Whether you’re considering creating a lifetime or will trust, our guide to family trusts in the UK will help you get started.
What is a trust?
A trust is a legal entity set up by an individual (known as the settlor) which allows another person to benefit from an asset without being its legal owner. A person is chosen to manage the trust (the trustee) on behalf of the beneficiaries. A trust continues to protect the settlor’s assets after death or in the event that they lose capacity to manage their own affairs. Trusts can be complicated structures with complex tax implications; expert legal advice should always be sought before setting one up.
Why set up a family trust?
Passing on wealth via a will or lifetime gift can sometimes be inefficient. A trust can help ensure that your family get the most out of your assets. People set up family trusts for various reasons, including to:
- protect assets for beneficiaries who can’t look after the assets themselves;
- protect assets from divorcing spouses or business creditors;
- protect beneficiaries’ entitlement to state benefits where an inheritance may compromise this;
- provide for children under 18 in an income tax-efficient way;
- ensure that a current spouse and children from a previous relationship are all cared for;
- avoid inheritance tax for family members and their estates.
Bare trusts |
The trust assets are held by the trustee but the beneficiary has the right to all of the capital and income of the trust at any time if they’re 18 or over (in England and Wales). Bare trusts are often used to pass assets to young people with the trustees looking after them until the beneficiary is of age |
Interest in possession trusts | The beneficiary receives the income from the trust (less any expenses incurred in administering it). |
Discretionary trusts |
The trustee can make certain decisions regarding how best to use income from the trust and in some cases the assets themselves. Discretionary trusts are often used to put assets aside for beneficiaries who are not capable of dealing with money or assets themselves. |
Settlor-interested trusts | The person creating the trust or their spouse/ civil partner is a beneficiary. |
Non-residence trusts | Where trusts are set up abroad for tax planning purposes. The tax rules for such trusts can be very complex. |
What is a family trust deed?
The document drawn up by a solicitor which sets out the specifics of the trust is called a ‘trust deed’. At the very least it should stipulate the names of the trustees and beneficiaries; list the property, funds or assets to be held in trust; and detail how the trust should be run.

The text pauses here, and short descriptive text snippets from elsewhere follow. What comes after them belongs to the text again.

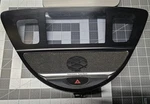 Subaru Tribeca 10 Dash Panel Harmon/kardon 66112XA00A Top Screen Trim Bezel Oem. Fixed Price $50.99.
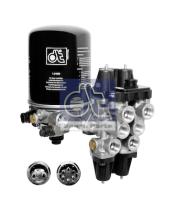 Diesel Technic 464408 - Secador de aire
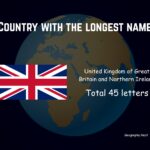 Country with the longest name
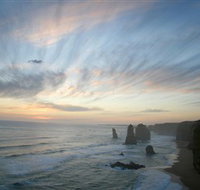 Port Campbell National Park - Kingaroy Accommodation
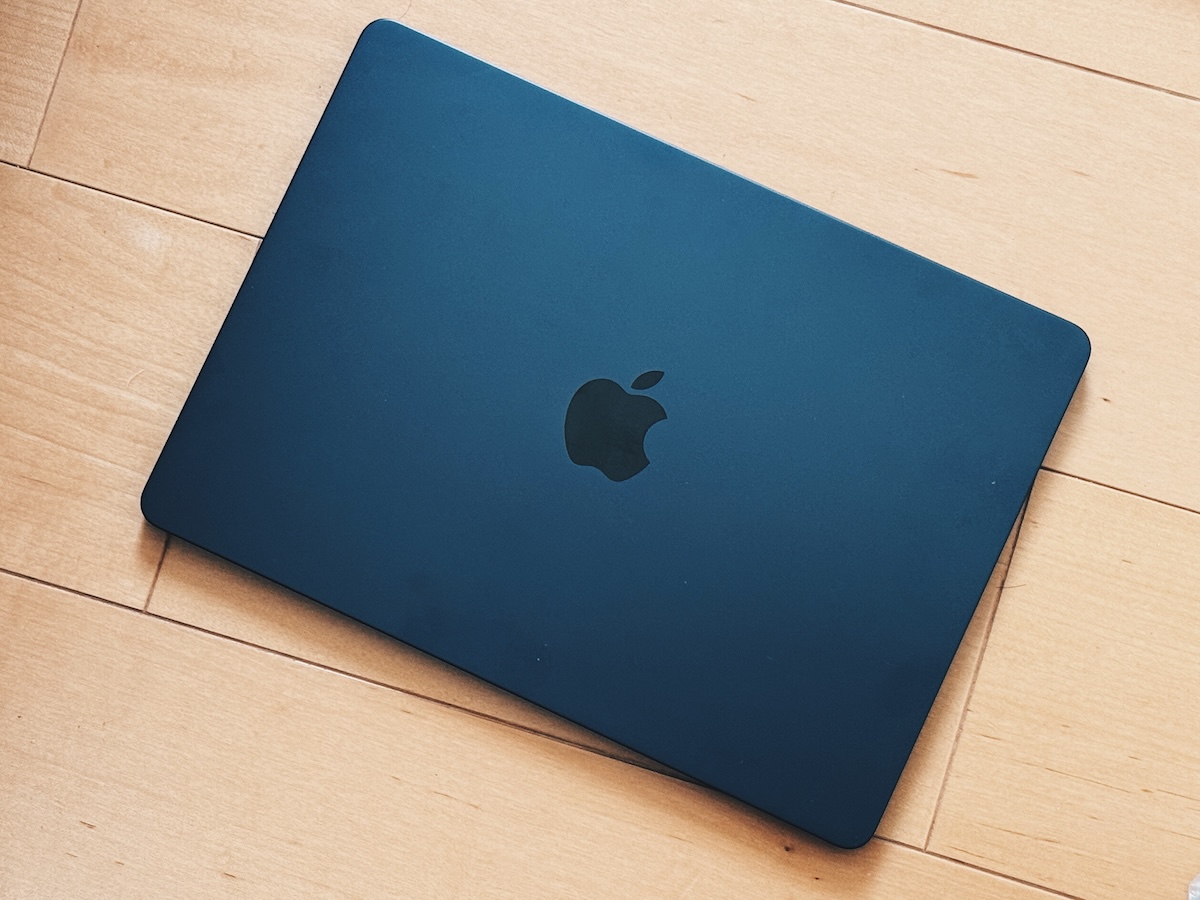 M3 MacBook Air こんなタイミングなのに買ってしまった – ALOG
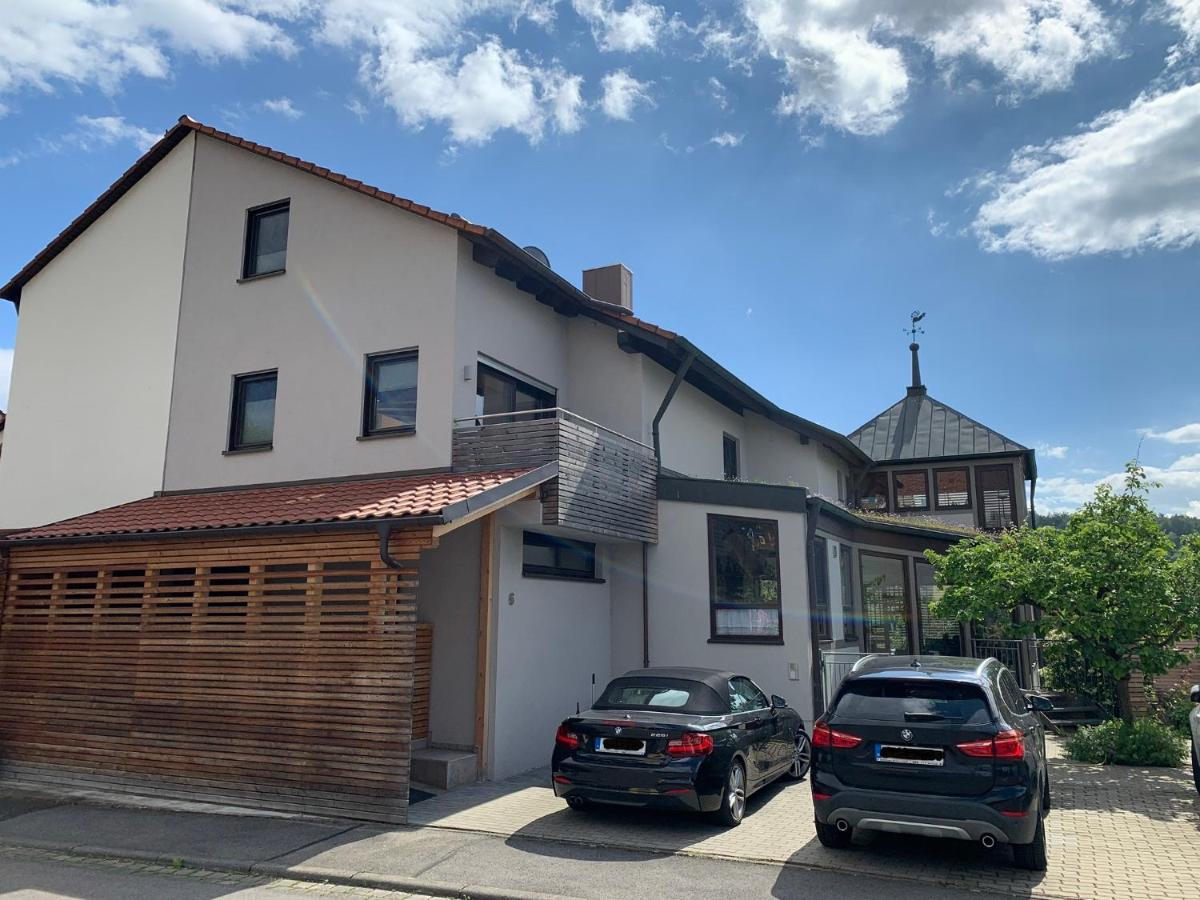 Ferienwohnungen Familie Tacke - Housity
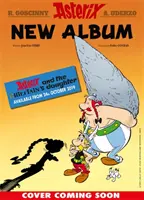 Asterix: Asterix e la figlia del capo tribù - Album 38 - Asterix: Asterix and The Chieftain's Daughter - Album 38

What is the role of the trustee?
The trustee manages the trust on a day-to-day basis and pays any relevant taxes. It is the legal duty of the trustee to follow the rules laid down in the trust deed about how the trust should be governed. The trustee is the legal owner of the assets held in the trust and must manage the trust for the benefit of each of the beneficiaries equally (if there is more than one). A trust must always have at least one trustee, although these trustees can change.
Trustees must keep beneficiaries informed with regards to the trust and should provide trust accounts. They are not duty-bound, however, to provide information or documentation relating to their decision-making processes.

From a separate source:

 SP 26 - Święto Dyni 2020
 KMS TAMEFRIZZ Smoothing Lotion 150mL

Is it possible to make changes to a trust?
The trustee is able to change the terms of the trust if there is a clause allowing this in the trust deed, or if all of the beneficiaries give their express consent to do so. Failing these, the trustee can go to the court in order to seek a change to the conditions of the trust.
What is the difference between a will trust and a lifetime trust?

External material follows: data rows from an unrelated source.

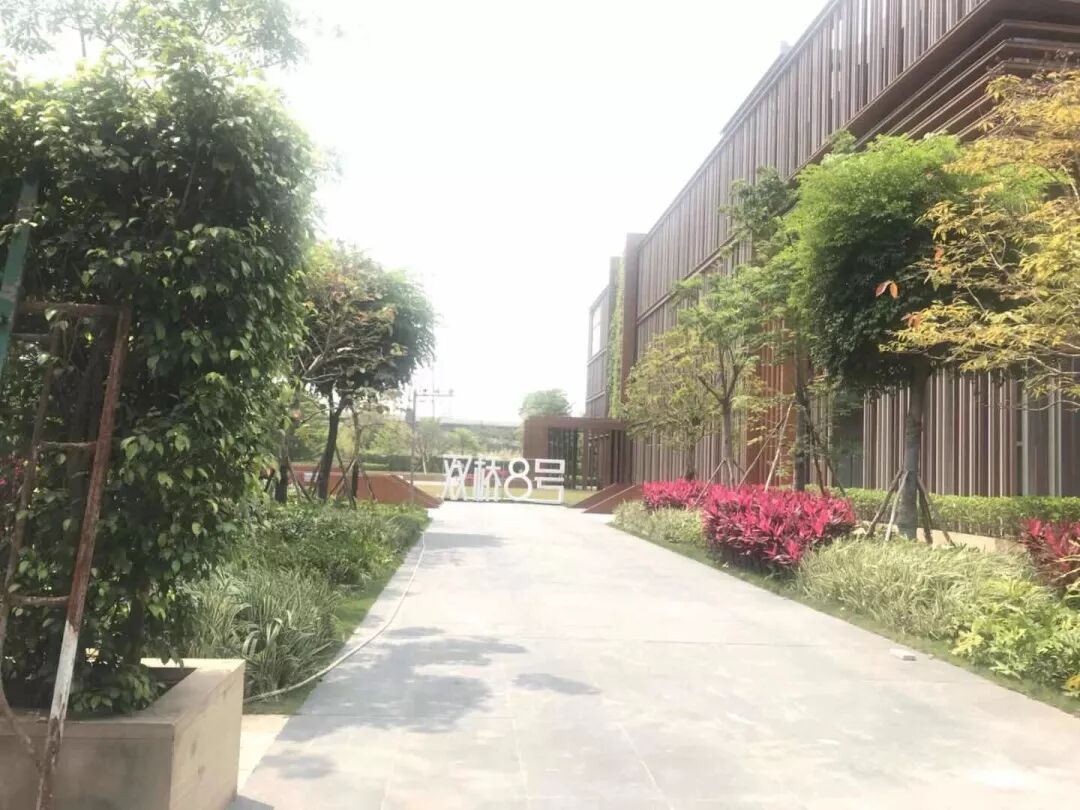 准现楼！双地铁，一线江景！凯德双桥8号，*低4.3万起！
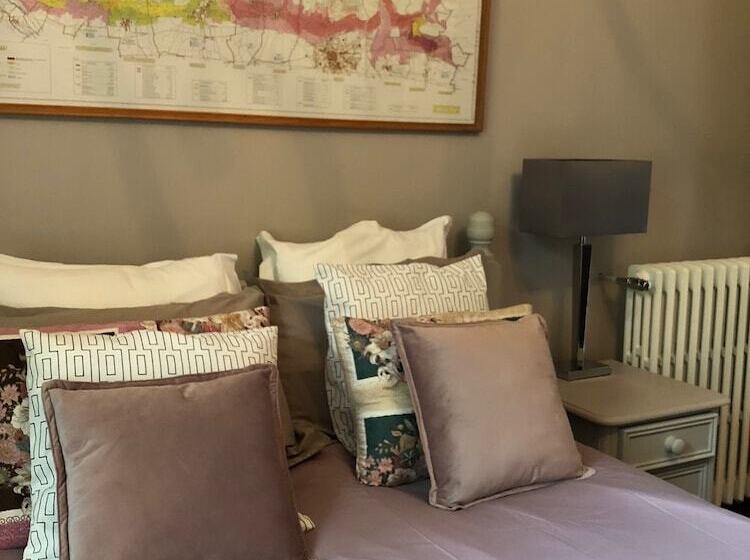 膳宿费 Manoir La Rumillette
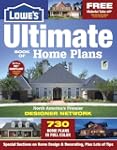 The Lowe's Ultimate Book of Home Plan...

A will trust is created within a will with the intention of protecting property to pass on to beneficiaries after the settlor has died; it is activated upon their death. A lifetime trust is created and comes into effect during the lifetime of the settlor.
Why use a will trust?
Will trusts are often used by partners to protect wealth from being drained by long-term care fees. Should the surviving partner require long-term care, only their half of the family home will be assessed by the local authority; the part ring-fenced by the will trust is not counted and will be protected.
Another reason for using a will trust is to avoid what is known as ‘sideways disinheritance’. This is when the first partner dies, leaving a surviving spouse and children from this marriage. The surviving partner goes on to remarry but fails to make provision for their existing children in a new will. There is a risk that the children will not inherit anything and that the entire estate will pass to the new spouse. A will trust can be used which allows the surviving spouse to continue living in the family home but the first partner’s share will eventually pass to their children upon the surviving spouse’s death.